# Exercise:
Go to the line holding "Hello everybody. Today" in the data below and repeat it exactly, then each line after it up to and including the one holding "I hope you will". Omit pictures.

# Source data:
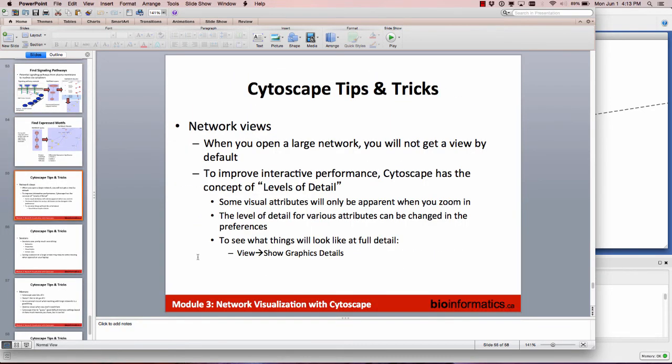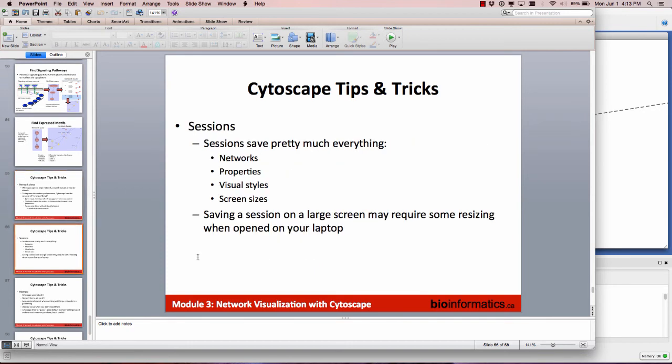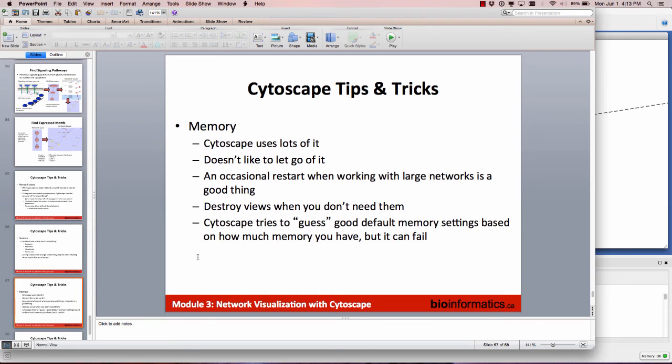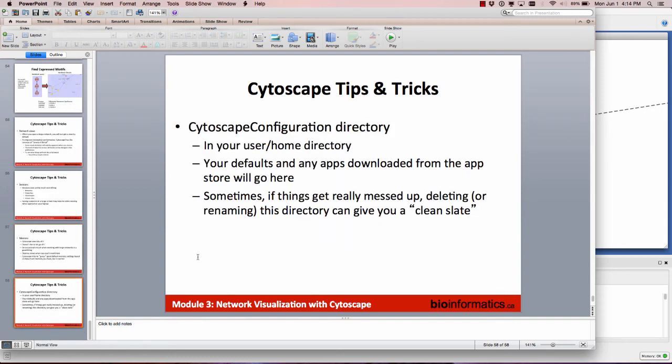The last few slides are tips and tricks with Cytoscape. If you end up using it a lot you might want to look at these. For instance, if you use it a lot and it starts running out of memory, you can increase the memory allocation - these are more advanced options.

---

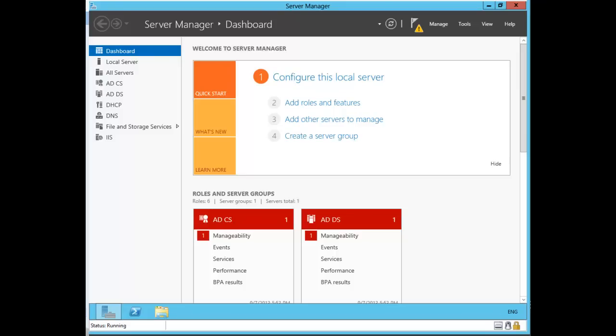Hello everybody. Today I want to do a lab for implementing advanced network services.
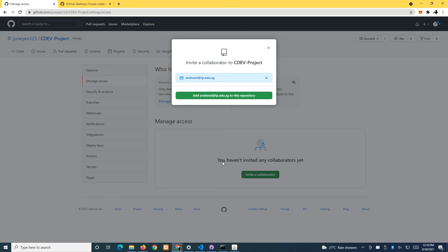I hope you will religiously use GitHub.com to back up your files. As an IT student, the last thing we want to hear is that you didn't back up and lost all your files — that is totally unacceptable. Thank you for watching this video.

--

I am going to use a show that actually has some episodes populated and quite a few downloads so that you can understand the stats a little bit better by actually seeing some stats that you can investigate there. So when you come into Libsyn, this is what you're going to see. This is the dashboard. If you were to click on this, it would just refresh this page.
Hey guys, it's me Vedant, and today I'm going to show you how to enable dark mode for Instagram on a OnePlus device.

# Response for this exercise:
Hello everybody. Today I want to do a lab for implementing advanced network services.
I hope you will religiously use GitHub.com to back up your files. As an IT student, the last thing we want to hear is that you didn't back up and lost all your files — that is totally unacceptable. Thank you for watching this video.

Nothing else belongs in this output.